Five days before the grand opening of the building that is to be the pinnacle of his career, Sonoma State University president Ruben Armiñana leans back in his office chair, breathes a reflective sigh and tells a story made for Hollywood.
"I made a promise to a 14-year-old boy," Armiñana says, "on Nov. 6, 1961. His name was Ruben. And he was leaving his country that day, he was leaving his parents. At that moment, he didn't know if he would ever see his parents or his brother again. He had a lot of wealth with him—he had a dime and he had a change of underwear. But he had this ability to be determined that nobody, be it government or individuals, would ever intimidate him. And he would never retreat in the face of intimidation. And I have kept that promise for 50 years."
It's difficult to overstate the magnitude and impact of the Green Music Center, opening this weekend at Sonoma State University. No project has more greatly tested Armiñana's promise to himself, over 50 years ago, as he was shipped on a boat from Cuba to the United States. The $145 million performing arts and music education center has taken almost 20 years to arrive at its current state, and is still not entirely finished.

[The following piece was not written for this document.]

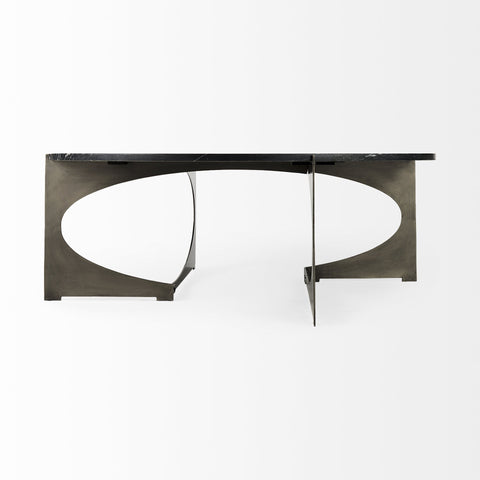 Contemporary Black Marble Coffee Table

The main hall, however, which opens this weekend, has already garnered worldwide attention for its stunning acoustics and dazzling first-season lineup of stars like Yo-Yo Ma, Lang Lang, Michael Tilson Thomas, Alison Krauss and Wynton Marsalis. There are few concert halls comparable, let alone ones on a college campus.
But to say it was a bumpy road to this weekend's opening is like saying this one guy named Mozart wrote a few good tunes. Just like the works of the famous 18th-century composer, it will only be with the passing of time that the legacy of the Green Music Center—and the legacy of Ruben Armiñana—is truly realized.
Is this the president's Spruce Goose? His Hearst Castle? On the cusp of opening night, it's looking a lot more like Carnegie Hall.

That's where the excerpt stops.